Secondo l’ideologia popolare, sognare la pasta da pane significa trovarsi in una situazione in cui ci vuole silente pazienza.
Proprio il pane è il terzo comprimario, protagonista della performance “Filles Petrole” di Nadia Beugré, nell’ambito del programma del BiG Festival.
Il BiG – Bari International Gender festival è il mese di cinema e arti performative su differenze di genere, identità ed orientamenti sessuali della città di Bari. Giunto alla sua decima edizione, il festival esprime sempre novità e freschezza nelle performance che offre a un pubblico che sa di trovarci cose completamente diverse da tutto ciò che si può trovare in giro, non dimenticando mai, nel concetto sulla base del quale il festival è curato, la rivendicazione del corpo politico e dei diritti civili e sociali che da esso e su esso discendono. Il programma, codiretto da Tita Tummillo e Miki Gorizia, è promosso e organizzato dalla Cooperativa sociale AL.I.C.E. (Area Arti Espressive), sostenuto dal FUS (Fondo Unico per lo Spettacolo), Regione Puglia, PACT Puglia Culture a valere sul Fondo Speciale Cultura e Patrimonio Culturale L.R. 40/2016 art. 15 comma 3, Puglia Culture, Comune di Bari, dall’Ufficio Tecnico – Tavolo Tecnico LGBTQI del Comune di Bari, oltreché con la collaborazione con decine di interlocutori artistici, istituzionali e non solo.
“Filles Petrole”, in collaborazione con DAB, Danza a Bari, è una coproduzione La Briqueterie CDCN-du-Val-de-Marne, Le Théâtre de Rungis, Théâtre Molière Sète Scène nationale Archipel de Thau, CCN2 Grenoble, ICI CCN de Montpellier Occitanie, con il supporto di Goethe-Institut Abidjan /A(RT)VENIR fund e DRAC Occitanie / Ministero francese di Cultura e Comunicazione. Sul palco, Anoura Aya Larissa Labarest, Christelle Ehoué, rispettivamente La Chinoise Pimentée (La Cinese piccante) e Grande Camion (La Grande Camion). Beugré mette in opera percorsi dedicati alle giovani artiste ivoriane, per imparare a rivendicare i diritti, attraverso il lavoro sulla performance. Assieme a loro, una grande, informe, invadente, pasta di pane, che viene foggiata di volta in volta a mo’ di calzari, di parrucca, di boa da sciantosa; diventa delle pagnotte scagliate come un’arma verso lo schifo della vita.

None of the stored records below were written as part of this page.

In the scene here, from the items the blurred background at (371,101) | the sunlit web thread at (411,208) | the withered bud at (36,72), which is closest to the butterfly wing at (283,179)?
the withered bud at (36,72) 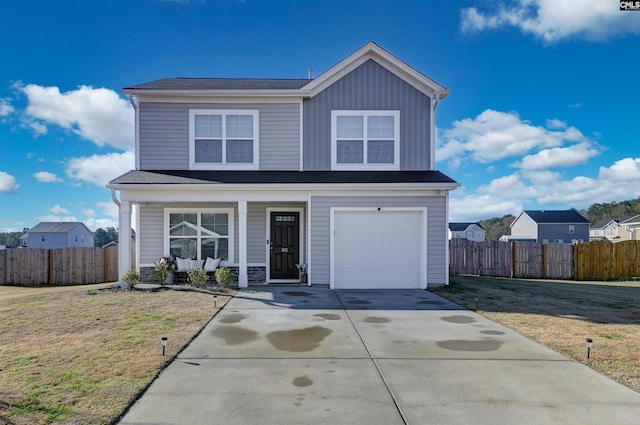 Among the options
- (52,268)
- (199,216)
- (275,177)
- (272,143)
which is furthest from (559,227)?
(52,268)

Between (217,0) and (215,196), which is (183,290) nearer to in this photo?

Eh sì, perché le due danzatrici, del quartiere Abobo di Abidjan, ne hanno di schifo contro cui prendersela: lo sfruttamento del lavoro femminile, e al proprio interno un ruolo decisivo nello sfruttamento lo gioca il maschilismo nel trattamento delle lavoratrici dello spettacolo. Un tema, questo, che mi ha ricordato una delle peculiarità nella musica napoletana gergale, quella di prendersela con l’impresario che non vuole pagare. Chissà se Napoli Centrale, e Pino Daniele, nero a metà, avrebbero trovato lo stesso filo conduttore con queste due danzatrici e con le loro rivendicazioni, nere per intero.
Ehoué si vende, vende i suoi capelli, vende un pezzo di sé, giocando con gli stigmi della società su un corpo grande e nero, mette in vendita i salti di Labarest, per aiutare a riflettere tutte e tutti sul valore del lavoro e del corpo impiegato nel lavoro.
Una performance esaltante, piccante come la Cinese, debordante come la Grande Camion, che non manca di divertirci, e assieme farci pensare a cosa non va, perché lo sfruttamento e la discriminazione non sono mai un solo fenomeno legato a un piccolo gruppo di persone, ma una discriminazione le trascina tutte dietro di sé.
Lo sprint è pronto per l’ultima settimana di BiG X.